Morton's neuroma may be the result of irritation, pressure or injury. In some cases its cause is unknown. In the majority of cases only one nerve is affected. Having both feet affected is extremely rare. A high percentage of patients with Morton's neuroma are women who wear high-heeled or narrow shoes. Patients with Morton's neuroma may need to change their footwear, take painkillers or steroid injections, while others may require surgery to either remove the affected nerve or release the pressure on it.

Symptoms

The most common symptom of Morton's neuroma is localized pain in the interspace between the third and fourth toes.

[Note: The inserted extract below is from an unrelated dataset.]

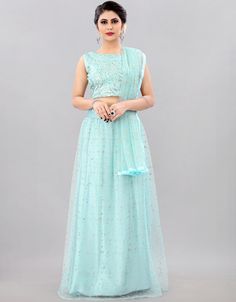 Designer Wedding Wear Heavy Net Lehenga Choli Collection Sky Blue Net Lehenga Choli Front View Sky Blue Dupatta, Blue Net Lehenga, Net Lehenga Choli, Blue Dupatta, Top Net, Net Lehenga, Net Dupatta, Designer Wedding, Day Work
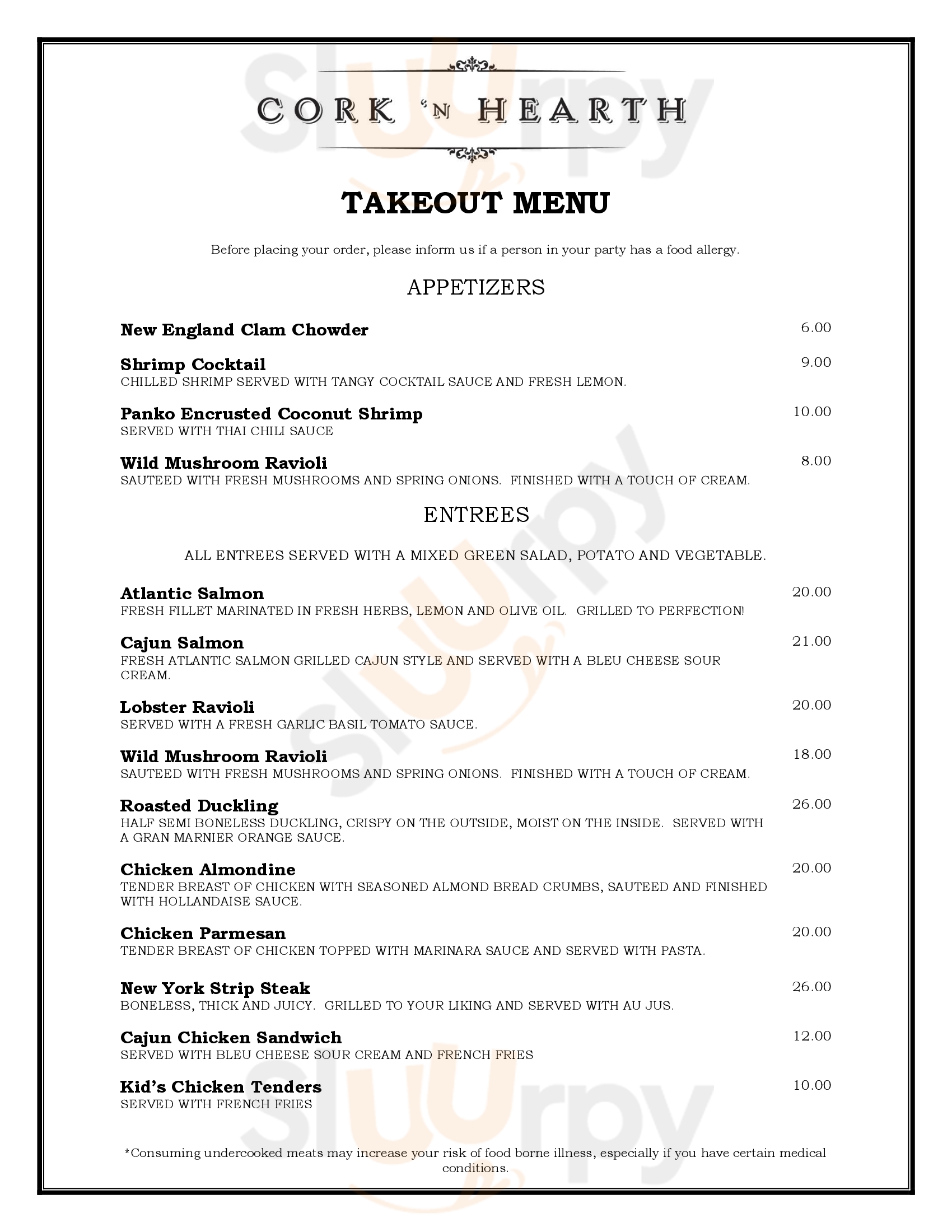 Cork 'n Hearth Lee Menu - 1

It can be sharp or dull, and is worsened by wearing shoes and by walking. Pain usually is less severe when the foot is not bearing weight.

Diagnosis

The diagnosis of a Morton's neuroma can usually be made by the doctor when the history of pain suggests it and the examination elicits the symptoms. The foot is generally tender when the involved area is compressed and symptoms of pain and sometimes tingling can be elicited when the sides of the foot are squeezed. Magnetic resonance imaging (MRI) or ultrasound testing can be used to confirm the diagnosis if necessary.

Non Surgical Treatment

The best results are achieved with massage techniques that encourage spreading and mobilizing the metatarsal heads. Metatarsal spreading is one technique that can help reduce the detrimental effects of nerve compression. To perform this technique, pull the metatarsal heads (not just the toes) apart and hold them in this position to help stretch the intrinsic foot muscles and other soft-tissues. When this technique is combined with the use of toe spacers, it will be even more effective.intermetatarsal neuroma

Surgical Treatment

Surgery is occasionally required when the conservative treatment is not able to relieve your symptoms, particularly if you have had pain for more than 6 months. 80% of patients who require surgery report good results, with 71% of people becoming pain-free.

Prevention

It is not always possible to prevent a Morton's neuroma. However, you probably can reduce your risk by wearing comfortable shoes that have low heels, plenty of toe space and good arch support.